Logo após a sentença na Justiça comum ocorreu a pandemia de covid 19. Segundo andamento processual do TJ, as ações chegaram à 1ª Câmara Criminal no final de 2020, e no transcurso houve morte de réu e trocas de advogados.
A greve
A paralisação deixou um rastro de cerca de 220 mortes, causadas por balas perdidas, confrontos com a polícia e latrocínio — roubo seguido de morte. O dado é apontado como um dos maiores registros de homicídios ocorridos em um mês no Estado.
O MP denunciou 24 réus como responsáveis pela organização da greve, que se iniciou em 3 de fevereiro de 2017, quando um grupo de mulheres, esposas de policiais militares, bloquearam os acessos à 2ª Companhia Independente do 6º Batalhão da PM, em Feu Rosa, na Serra, impedindo a saída das viaturas.
No dia seguinte o movimento se espalhou por quase todas as unidades da PM e o Estado passou a viver dias de caos. Sem policiamento nas ruas, o massacre teve início. No sábado (4) oito pessoas foram assassinadas. Mas a segunda-feira (6), foi o dia mais sangrento, com 41 mortes.

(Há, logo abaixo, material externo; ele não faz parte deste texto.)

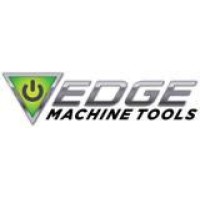 Edge Machine Tools, Inc logo - Similar company to Bright-Tools -- Shandong Jinjie Machinery Co,Ltd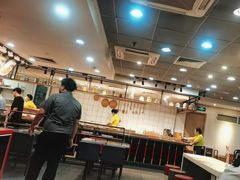 -72街荷叶饭(东方宝泰广场店)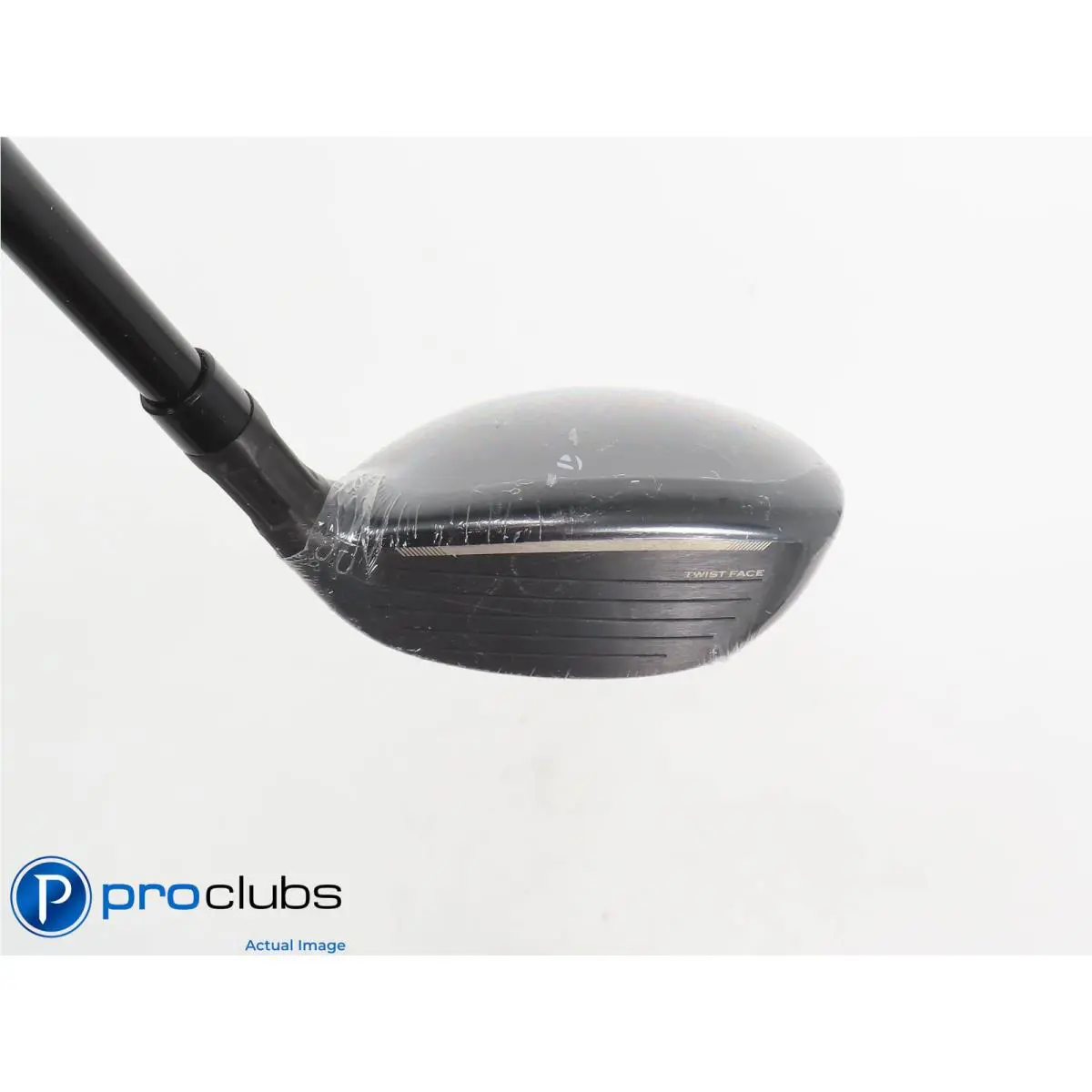 TaylorMade  - 397014 - 397014 - Teal 0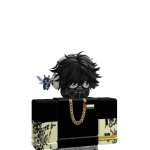 @FAMESAME1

Com o passar dos dias, corpos se empilharam no Departamento Médico Legal (DML) de Vitória, e nos cemitérios os enterros eram sucessivos. Além dos assassinatos, uma onda de arrombamentos, saques e assaltos também se espalhou na Grande Vitória e no interior do Estado.
Para tentar manter a presença nas ruas, o governo estadual pediu ajuda do Exército e da Força Nacional. A chamada “Operação Capixaba” começou no dia 6 de fevereiro. Ao todo, 3.169 homens das Forças Armadas, sendo 2.637 do Exército, 382 da Marinha e 150 da Força Aérea, além de 287 militares da Força Nacional patrulharam esquinas, rodovias e coletivos.
Em meio ao conflito, o governo estadual mudou o comandante da corporação, que passou para as mãos do coronel Nylton Rrdrigues.
Segundo o MP, durante 22 dias foram cometidos os crimes dispostos de atentado contra a segurança de serviço de utilidade pública, incitação à prática de crime e associação criminosa.